Вспоминать? Нельзя. Сойдешь с ума. Гонишь всякую тень воспоминаний, стараешься сразу переключить мозг на механическую работу: считаешь, вспоминаешь стихи, составляешь из букв большого слова другие слова. Но иногда воспоминания овладевали душой, и воля сдавала. Ох, как становилось тяжело.
Стены Казанской тюрьмы полутораметровые, но все-таки там мы слышали пароходные гудки. А ведь я волжанка! Такой гудок переворачивал душу: я сразу представляла себе Волгу, ее ширь, пароходы, молодость.
Стараешься не слышать, не верить, что вот сейчас, когда я сижу в этом каменном погребе, жизнь идет почти так, как прежде.

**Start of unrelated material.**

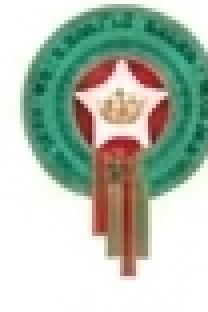 Fédération Royale Marocaine de Football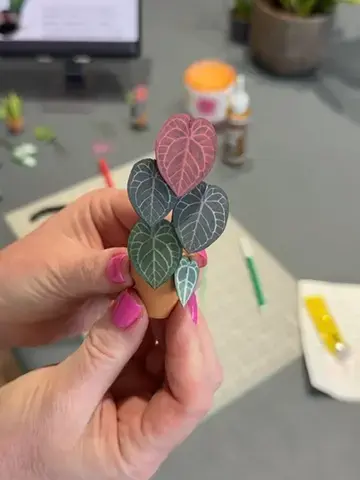 Anthurium Michelle After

- Не может быть, чтоб в этот час
- Шумел зеленый лес и шелестело поле!
- Чтобы на Волге в радостном приволье
- Переливался голубой атлас…
- Не может быть…
- Решетка на окне
- Да дверь с глазком —
- Вот где границы мира.
- Сердца людей запуганы и сиры…
- Я умираю, не могу вздохнуть…
- О Боже, как тяжел мой путь.
К счастью, вспоминала я о воле, о жизни все реже и реже.
Чувство самосохранения заставляло не думать, не терзаться. Старалась создать какой-то свой, призрачный, тюремный быт.
Зина Станицына, моя сокамерница по Соловкам, попала и здесь со мной в одну камеру. Она учила всех алгебре, геометрии, составляла задачи — время как-то проходило.
Я рассказывала шепотом французские романы. Тяжелее всех было Ольге Ивановне Никитиной, старухе ткачихе. Она проработала у станка тридцать пять лет и, как все ткачихи, была глуховата. Шепота она не слышала, а говорить вполголоса не разрешали. Глаза у нее были плохие, и в тюремной темноте она не могла читать. Была она старым членом партии, из тех ивановских ткачих, что воевали на фронтах гражданской войны с Фурмановым. Получила десять лет заключения за то, что выступила на собрании и спросила со свойственной ей грубой прямотой:
"Говорите, все предатели. Что же Ленин-то совсем без глаз был, не видел людей, которые вокруг него жили?"
И вот сидела она и по целым дням шептала про себя — все доказывала, что она правильно сказала.
У Ольги Ивановны осталась дочь на воле, пятнадцатилетняя Ната. Эта дурочка не знала, что в тюрьме письма проходят цензуру. Она писала матери, что хочет вступить в комсомол и попасть на учебу. Для того чтобы ее взяли, она скрывала, что мать в тюрьме. "Пишу везде, что ты умерла, а то нигде не примут. Если "их" не обманывать, никак нельзя мне прожить".
Мать, не имея возможности сказать ей, что письма проходят цензуру, писала:
"Ты должна быть честной, как мать твоя всегда была честной перед родиной, должна всегда писать правду".
А Ната ей отвечала: "Вот ты всегда была честной, тебя и посадили, а кто хитрил, тот живет себе да поживает на воле". Так она ничего и не поняла и продолжала писать письма, которые заставляли сердце бедной Ольги Ивановны разрываться от страха за дочь.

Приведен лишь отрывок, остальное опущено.